━━━━━ Collected data ━━━━━

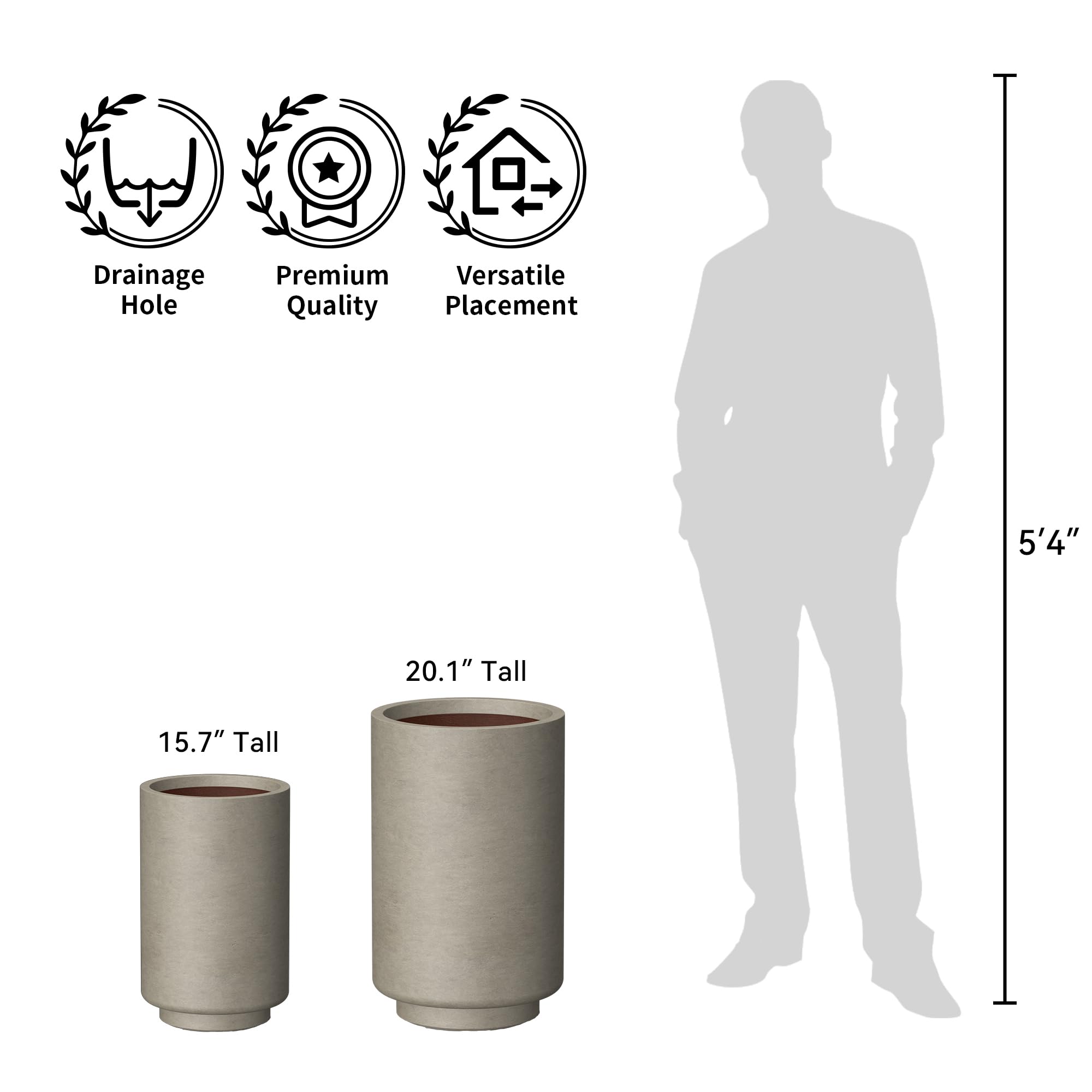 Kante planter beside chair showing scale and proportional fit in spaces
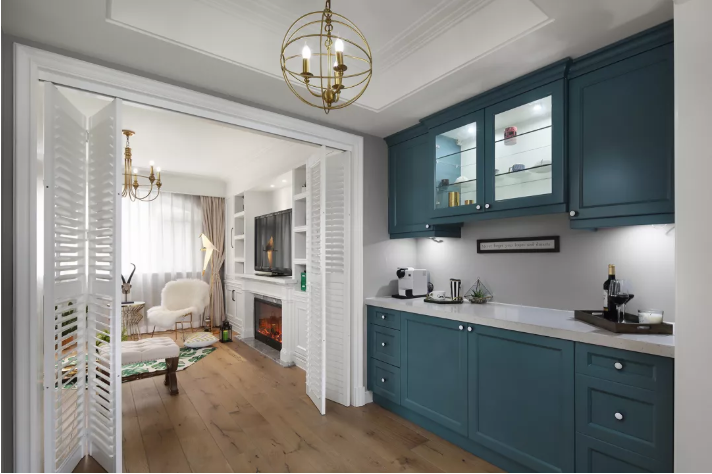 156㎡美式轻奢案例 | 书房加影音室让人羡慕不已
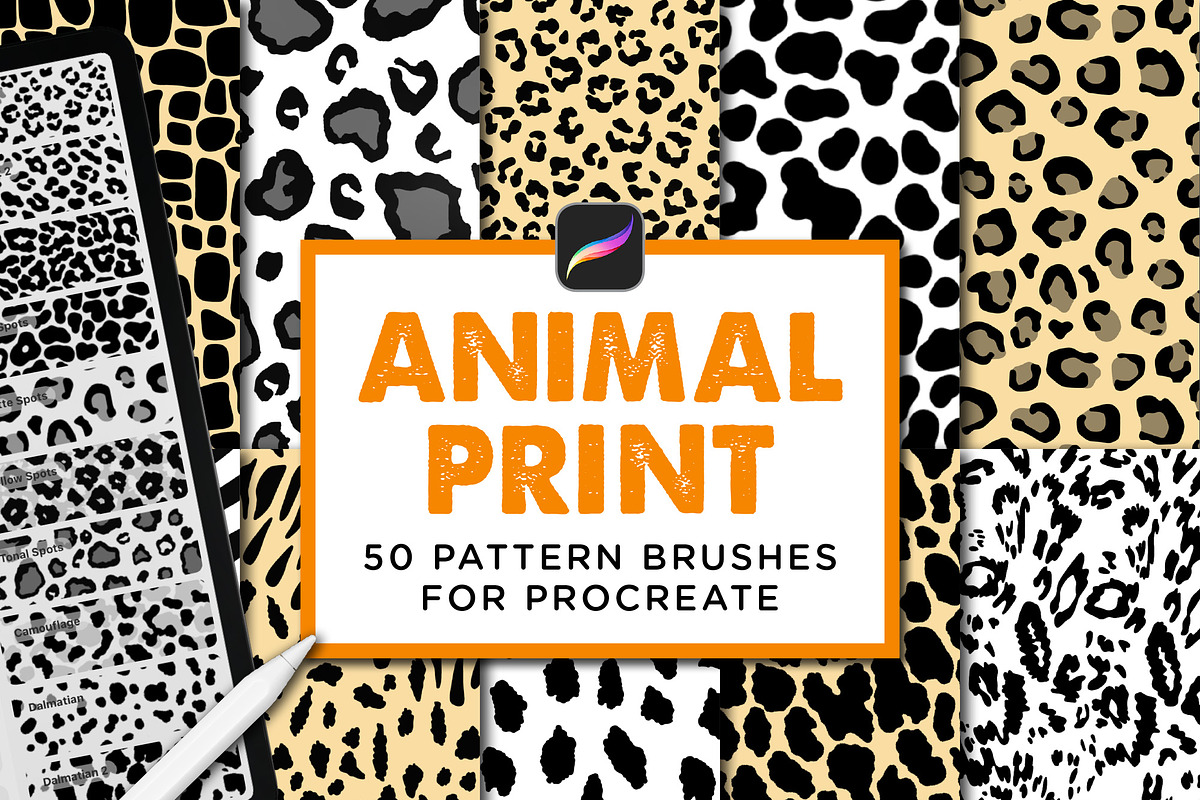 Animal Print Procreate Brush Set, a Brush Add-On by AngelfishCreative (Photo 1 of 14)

━━━━━

The answer should be the complete listing, set down exactly, without pictures.

Written answer:
 Kante planter beside chair showing scale and proportional fit in spaces
 156㎡美式轻奢案例 | 书房加影音室让人羡慕不已
 Animal Print Procreate Brush Set, a Brush Add-On by AngelfishCreative (Photo 1 of 14)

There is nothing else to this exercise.